Eine piepsige Melodie durchbricht den Moment: „Vielen Dank für den Erwerb ihres WarTech Produktes. Bleiben sie gesund!“ Tüdelüüü. Er richtet sich auf und presst die restliche Luft raus. Ein tiefer Atemzug versorgt seine Lunge. Jeder Atemzug entschleunigt seinen eigenen Herzschlag. Langsam weicht er von der Gestalt zurück und krabbelt auf allen Vieren zur Seite. Er ächzt. Die Wunden schmerzen und offenbar stecken einige Geschosse tief im Fleisch. Er stupst das Bein der regungslosen Gestalt an. Keine Reaktion. „Hey“, abermals stößt er gegen das Bein, „es ist vorbei, steh auf! Ich brauche da mal eine helfende Hand.“ Abermals keine Reaktion. Er schaut auf die regungslosen Auslassventile der Maske. Dann auf den Brustkorb, welcher sich weder hebt noch senkt.

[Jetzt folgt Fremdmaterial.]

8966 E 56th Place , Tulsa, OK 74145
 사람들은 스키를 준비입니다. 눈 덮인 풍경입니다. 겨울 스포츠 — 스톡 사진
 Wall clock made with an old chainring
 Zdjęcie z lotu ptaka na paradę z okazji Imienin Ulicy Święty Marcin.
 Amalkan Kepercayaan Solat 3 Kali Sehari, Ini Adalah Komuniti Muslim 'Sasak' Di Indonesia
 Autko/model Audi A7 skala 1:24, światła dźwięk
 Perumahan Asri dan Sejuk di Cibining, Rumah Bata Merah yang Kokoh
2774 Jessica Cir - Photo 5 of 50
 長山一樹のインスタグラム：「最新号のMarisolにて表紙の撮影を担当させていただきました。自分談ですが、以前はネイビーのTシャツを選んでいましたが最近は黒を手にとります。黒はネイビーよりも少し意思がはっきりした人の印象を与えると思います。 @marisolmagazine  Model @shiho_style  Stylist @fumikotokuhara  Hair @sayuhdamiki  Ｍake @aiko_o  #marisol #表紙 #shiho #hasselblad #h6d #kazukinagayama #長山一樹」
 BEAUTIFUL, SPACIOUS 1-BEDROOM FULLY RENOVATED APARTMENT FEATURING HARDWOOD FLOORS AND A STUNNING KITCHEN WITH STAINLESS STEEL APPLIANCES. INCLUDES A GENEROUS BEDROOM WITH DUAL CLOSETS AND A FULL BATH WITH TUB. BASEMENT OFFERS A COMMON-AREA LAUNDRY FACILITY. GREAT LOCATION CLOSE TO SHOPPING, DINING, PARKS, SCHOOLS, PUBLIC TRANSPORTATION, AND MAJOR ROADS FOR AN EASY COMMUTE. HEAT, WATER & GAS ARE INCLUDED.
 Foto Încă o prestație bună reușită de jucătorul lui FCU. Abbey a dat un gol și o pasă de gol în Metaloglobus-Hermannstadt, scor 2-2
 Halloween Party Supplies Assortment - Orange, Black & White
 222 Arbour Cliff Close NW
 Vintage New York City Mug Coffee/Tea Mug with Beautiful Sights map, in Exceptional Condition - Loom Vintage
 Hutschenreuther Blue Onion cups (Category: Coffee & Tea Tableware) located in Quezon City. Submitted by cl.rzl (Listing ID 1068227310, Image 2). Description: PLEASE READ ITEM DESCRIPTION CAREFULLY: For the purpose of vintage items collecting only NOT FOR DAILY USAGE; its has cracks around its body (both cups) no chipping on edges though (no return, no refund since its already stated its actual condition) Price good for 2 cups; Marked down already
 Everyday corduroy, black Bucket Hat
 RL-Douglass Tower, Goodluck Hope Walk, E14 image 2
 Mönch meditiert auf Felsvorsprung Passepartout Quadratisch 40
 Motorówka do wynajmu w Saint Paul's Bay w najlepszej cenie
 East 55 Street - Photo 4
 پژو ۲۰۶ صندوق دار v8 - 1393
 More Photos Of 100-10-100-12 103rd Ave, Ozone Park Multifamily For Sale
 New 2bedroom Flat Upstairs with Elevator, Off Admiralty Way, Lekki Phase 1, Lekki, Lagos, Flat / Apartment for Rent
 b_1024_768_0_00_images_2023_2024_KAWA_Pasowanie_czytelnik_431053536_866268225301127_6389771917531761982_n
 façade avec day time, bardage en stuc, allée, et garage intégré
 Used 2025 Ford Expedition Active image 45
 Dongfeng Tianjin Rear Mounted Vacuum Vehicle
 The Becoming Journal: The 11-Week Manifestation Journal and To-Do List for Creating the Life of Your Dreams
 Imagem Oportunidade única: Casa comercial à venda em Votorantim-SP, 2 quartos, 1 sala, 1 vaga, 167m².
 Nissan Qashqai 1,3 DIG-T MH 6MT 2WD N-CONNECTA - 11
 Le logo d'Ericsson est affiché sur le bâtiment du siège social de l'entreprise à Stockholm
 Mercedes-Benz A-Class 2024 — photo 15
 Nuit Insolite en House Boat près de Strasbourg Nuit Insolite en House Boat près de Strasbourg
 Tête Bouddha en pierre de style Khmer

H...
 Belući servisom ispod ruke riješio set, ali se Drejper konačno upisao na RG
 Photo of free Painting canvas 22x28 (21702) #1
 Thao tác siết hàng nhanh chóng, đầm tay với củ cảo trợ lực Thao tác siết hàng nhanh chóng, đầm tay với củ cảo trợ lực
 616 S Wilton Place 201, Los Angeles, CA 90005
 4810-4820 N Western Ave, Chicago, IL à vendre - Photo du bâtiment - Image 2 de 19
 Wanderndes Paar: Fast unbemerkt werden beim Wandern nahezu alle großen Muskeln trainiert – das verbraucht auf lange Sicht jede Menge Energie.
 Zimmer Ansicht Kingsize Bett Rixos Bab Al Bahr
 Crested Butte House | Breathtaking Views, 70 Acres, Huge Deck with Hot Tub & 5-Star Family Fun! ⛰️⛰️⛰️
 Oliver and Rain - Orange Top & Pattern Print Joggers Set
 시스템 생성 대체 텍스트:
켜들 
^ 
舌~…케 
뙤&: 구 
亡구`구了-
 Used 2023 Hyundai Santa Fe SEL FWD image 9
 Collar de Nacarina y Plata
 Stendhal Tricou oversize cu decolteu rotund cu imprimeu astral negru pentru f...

„Kumpel, du willst doch wohl jetzt nicht schlapp machen!“ Er krabbelt in Richtung Oberkörper, schiebt kleinere Trümmer mit dem Unterarm beiseite. „Komm schon, heute wird nicht gestorben – noch nicht! Und nicht heute.“ Da, aus seinem Rucksack – eine dieser verwitterten, aufgerollten Kunststoffplanen. Er packt die Rolle und wirft die lose Seite von sich, damit diese sich abwickelt. Eine Stange der Phalanx steckt unweit im Boden, sehr gut – der obere Teil bohrt durch die Plane. Das hält. „Sorry, Kumpel“, denn mit einem langen Arm lehnt er sich auf den leblosen Körper, um die andere Phalanx-Stange zu erreichen. Mit Wucht durchstechen. Auch das hält. Die Plane spendet nun genügend Schatten. Mit einer Hand reißt er sich die Schutz- und Atemmaske vom Gesicht. Er atmet schwer. Anstrengung und Verletzungen wetteifern Hand in Hand. Nur mal kurz abgestützt. Blut strömt aus einem Ärmel und nährt den Sand unter ihm. Für einen Moment senkt er den Kopf. ‚Nein, Andy, auch du kratzt heute nicht ab. Reiß dich zusammen!‘, hämmert es in seinem Kopf. Unter angestrengtem Stöhnen zieht er sich am fremden Schutzanzug aufwärts. „Komm her, Freund … befreien wir dich erstmal hiervon!“ Mit fast letzter Kraft greift er nach dem Gesichtsschutz. Die sichtbaren Gummilaschen dehnen sich. Die Dekompression setzt ein und Luft saugt sich dezent zischend durch den nun schmalen Abstand zwischen Haut und Maske. Er streift die Maske nach oben ab. „Ein Engel!“

Ihr Gesicht ist makellos. Perfekt. Keine Narben. Keine Verbrennungen. Keine Furchen von dieser leibhaftig gewordenen, endbiblischen Hölle auf unserem Planeten. Als wäre ihr Gesicht höchstselbst das Licht dieser Welt und außerhalb der wenigen, verbliebenen Schatten schier unverwundbar. Ihre Lippen glänzen feucht. Blonde Haare werden leichtgewichtig und unbeschwert vom verbliebenen Wind über ihr Gesicht gestreichelt. Wie kann das sein? Wie kann sie … so sein?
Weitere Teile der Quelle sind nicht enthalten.